### [DATA FOR THE TASK]
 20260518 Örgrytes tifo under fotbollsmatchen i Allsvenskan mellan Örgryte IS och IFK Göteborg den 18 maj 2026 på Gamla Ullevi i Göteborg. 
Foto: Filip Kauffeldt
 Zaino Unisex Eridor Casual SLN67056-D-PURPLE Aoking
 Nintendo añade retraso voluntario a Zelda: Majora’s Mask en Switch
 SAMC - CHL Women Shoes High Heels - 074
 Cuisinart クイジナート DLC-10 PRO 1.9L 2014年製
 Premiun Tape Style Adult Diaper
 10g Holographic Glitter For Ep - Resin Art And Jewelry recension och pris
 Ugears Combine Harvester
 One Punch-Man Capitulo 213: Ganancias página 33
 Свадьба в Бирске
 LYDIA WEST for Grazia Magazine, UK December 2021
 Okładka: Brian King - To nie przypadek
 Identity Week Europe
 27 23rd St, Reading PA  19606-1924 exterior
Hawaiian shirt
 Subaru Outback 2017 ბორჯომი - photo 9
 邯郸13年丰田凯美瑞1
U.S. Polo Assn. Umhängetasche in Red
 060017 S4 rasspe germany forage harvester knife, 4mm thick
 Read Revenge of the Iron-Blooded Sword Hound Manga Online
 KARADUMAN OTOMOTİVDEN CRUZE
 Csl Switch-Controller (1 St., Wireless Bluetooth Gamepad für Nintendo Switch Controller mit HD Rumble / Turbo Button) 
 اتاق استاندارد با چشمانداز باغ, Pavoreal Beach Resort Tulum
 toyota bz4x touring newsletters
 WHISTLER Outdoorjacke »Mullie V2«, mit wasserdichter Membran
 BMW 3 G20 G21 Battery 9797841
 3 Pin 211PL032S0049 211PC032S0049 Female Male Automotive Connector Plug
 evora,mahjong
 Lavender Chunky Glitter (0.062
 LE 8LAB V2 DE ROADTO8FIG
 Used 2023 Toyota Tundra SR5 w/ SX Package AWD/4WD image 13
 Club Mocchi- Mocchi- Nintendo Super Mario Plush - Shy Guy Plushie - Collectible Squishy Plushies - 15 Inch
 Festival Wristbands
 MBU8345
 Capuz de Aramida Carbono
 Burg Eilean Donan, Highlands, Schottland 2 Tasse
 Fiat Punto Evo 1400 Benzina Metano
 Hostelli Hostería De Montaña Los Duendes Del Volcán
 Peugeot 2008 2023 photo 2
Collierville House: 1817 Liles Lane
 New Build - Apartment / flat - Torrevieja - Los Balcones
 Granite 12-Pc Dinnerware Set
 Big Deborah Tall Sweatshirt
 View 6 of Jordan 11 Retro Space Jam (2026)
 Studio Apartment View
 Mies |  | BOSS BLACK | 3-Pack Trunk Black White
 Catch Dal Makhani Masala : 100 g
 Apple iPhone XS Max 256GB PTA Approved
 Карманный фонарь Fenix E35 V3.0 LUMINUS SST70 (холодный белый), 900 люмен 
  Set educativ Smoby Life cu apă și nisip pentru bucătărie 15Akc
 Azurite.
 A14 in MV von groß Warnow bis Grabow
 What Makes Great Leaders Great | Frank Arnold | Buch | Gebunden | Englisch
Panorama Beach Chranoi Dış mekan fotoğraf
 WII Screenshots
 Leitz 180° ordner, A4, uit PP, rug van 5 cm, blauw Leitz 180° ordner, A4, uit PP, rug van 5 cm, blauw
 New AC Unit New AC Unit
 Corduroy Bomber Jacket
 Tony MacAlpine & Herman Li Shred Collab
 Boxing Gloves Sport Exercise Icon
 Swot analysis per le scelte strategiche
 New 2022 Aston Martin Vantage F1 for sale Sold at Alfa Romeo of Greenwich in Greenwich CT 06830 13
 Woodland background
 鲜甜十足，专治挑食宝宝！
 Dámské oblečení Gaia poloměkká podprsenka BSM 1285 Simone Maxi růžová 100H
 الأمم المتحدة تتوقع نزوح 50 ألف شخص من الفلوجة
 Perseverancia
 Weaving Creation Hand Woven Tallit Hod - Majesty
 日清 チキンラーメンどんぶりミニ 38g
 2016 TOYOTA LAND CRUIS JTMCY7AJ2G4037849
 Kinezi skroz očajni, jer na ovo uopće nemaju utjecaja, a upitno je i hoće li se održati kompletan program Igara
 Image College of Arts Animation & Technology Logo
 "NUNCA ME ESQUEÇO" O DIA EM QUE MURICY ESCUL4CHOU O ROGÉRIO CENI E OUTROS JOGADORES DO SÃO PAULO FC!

### [EXERCISE DIRECTIONS]
Write every entry out again. Keep each one exact.

### [WORKED SOLUTION]
 20260518 Örgrytes tifo under fotbollsmatchen i Allsvenskan mellan Örgryte IS och IFK Göteborg den 18 maj 2026 på Gamla Ullevi i Göteborg. 
Foto: Filip Kauffeldt
 Zaino Unisex Eridor Casual SLN67056-D-PURPLE Aoking
 Nintendo añade retraso voluntario a Zelda: Majora’s Mask en Switch
 SAMC - CHL Women Shoes High Heels - 074
 Cuisinart クイジナート DLC-10 PRO 1.9L 2014年製
 Premiun Tape Style Adult Diaper
 10g Holographic Glitter For Ep - Resin Art And Jewelry recension och pris
 Ugears Combine Harvester
 One Punch-Man Capitulo 213: Ganancias página 33
 Свадьба в Бирске
 LYDIA WEST for Grazia Magazine, UK December 2021
 Okładka: Brian King - To nie przypadek
 Identity Week Europe
 27 23rd St, Reading PA  19606-1924 exterior
Hawaiian shirt
 Subaru Outback 2017 ბორჯომი - photo 9
 邯郸13年丰田凯美瑞1
U.S. Polo Assn. Umhängetasche in Red
 060017 S4 rasspe germany forage harvester knife, 4mm thick
 Read Revenge of the Iron-Blooded Sword Hound Manga Online
 KARADUMAN OTOMOTİVDEN CRUZE
 Csl Switch-Controller (1 St., Wireless Bluetooth Gamepad für Nintendo Switch Controller mit HD Rumble / Turbo Button) 
 اتاق استاندارد با چشمانداز باغ, Pavoreal Beach Resort Tulum
 toyota bz4x touring newsletters
 WHISTLER Outdoorjacke »Mullie V2«, mit wasserdichter Membran
 BMW 3 G20 G21 Battery 9797841
 3 Pin 211PL032S0049 211PC032S0049 Female Male Automotive Connector Plug
 evora,mahjong
 Lavender Chunky Glitter (0.062
 LE 8LAB V2 DE ROADTO8FIG
 Used 2023 Toyota Tundra SR5 w/ SX Package AWD/4WD image 13
 Club Mocchi- Mocchi- Nintendo Super Mario Plush - Shy Guy Plushie - Collectible Squishy Plushies - 15 Inch
 Festival Wristbands
 MBU8345
 Capuz de Aramida Carbono
 Burg Eilean Donan, Highlands, Schottland 2 Tasse
 Fiat Punto Evo 1400 Benzina Metano
 Hostelli Hostería De Montaña Los Duendes Del Volcán
 Peugeot 2008 2023 photo 2
Collierville House: 1817 Liles Lane
 New Build - Apartment / flat - Torrevieja - Los Balcones
 Granite 12-Pc Dinnerware Set
 Big Deborah Tall Sweatshirt
 View 6 of Jordan 11 Retro Space Jam (2026)
 Studio Apartment View
 Mies |  | BOSS BLACK | 3-Pack Trunk Black White
 Catch Dal Makhani Masala : 100 g
 Apple iPhone XS Max 256GB PTA Approved
 Карманный фонарь Fenix E35 V3.0 LUMINUS SST70 (холодный белый), 900 люмен 
  Set educativ Smoby Life cu apă și nisip pentru bucătărie 15Akc
 Azurite.
 A14 in MV von groß Warnow bis Grabow
 What Makes Great Leaders Great | Frank Arnold | Buch | Gebunden | Englisch
Panorama Beach Chranoi Dış mekan fotoğraf
 WII Screenshots
 Leitz 180° ordner, A4, uit PP, rug van 5 cm, blauw Leitz 180° ordner, A4, uit PP, rug van 5 cm, blauw
 New AC Unit New AC Unit
 Corduroy Bomber Jacket
 Tony MacAlpine & Herman Li Shred Collab
 Boxing Gloves Sport Exercise Icon
 Swot analysis per le scelte strategiche
 New 2022 Aston Martin Vantage F1 for sale Sold at Alfa Romeo of Greenwich in Greenwich CT 06830 13
 Woodland background
 鲜甜十足，专治挑食宝宝！
 Dámské oblečení Gaia poloměkká podprsenka BSM 1285 Simone Maxi růžová 100H
 الأمم المتحدة تتوقع نزوح 50 ألف شخص من الفلوجة
 Perseverancia
 Weaving Creation Hand Woven Tallit Hod - Majesty
 日清 チキンラーメンどんぶりミニ 38g
 2016 TOYOTA LAND CRUIS JTMCY7AJ2G4037849
 Kinezi skroz očajni, jer na ovo uopće nemaju utjecaja, a upitno je i hoće li se održati kompletan program Igara
 Image College of Arts Animation & Technology Logo
 "NUNCA ME ESQUEÇO" O DIA EM QUE MURICY ESCUL4CHOU O ROGÉRIO CENI E OUTROS JOGADORES DO SÃO PAULO FC!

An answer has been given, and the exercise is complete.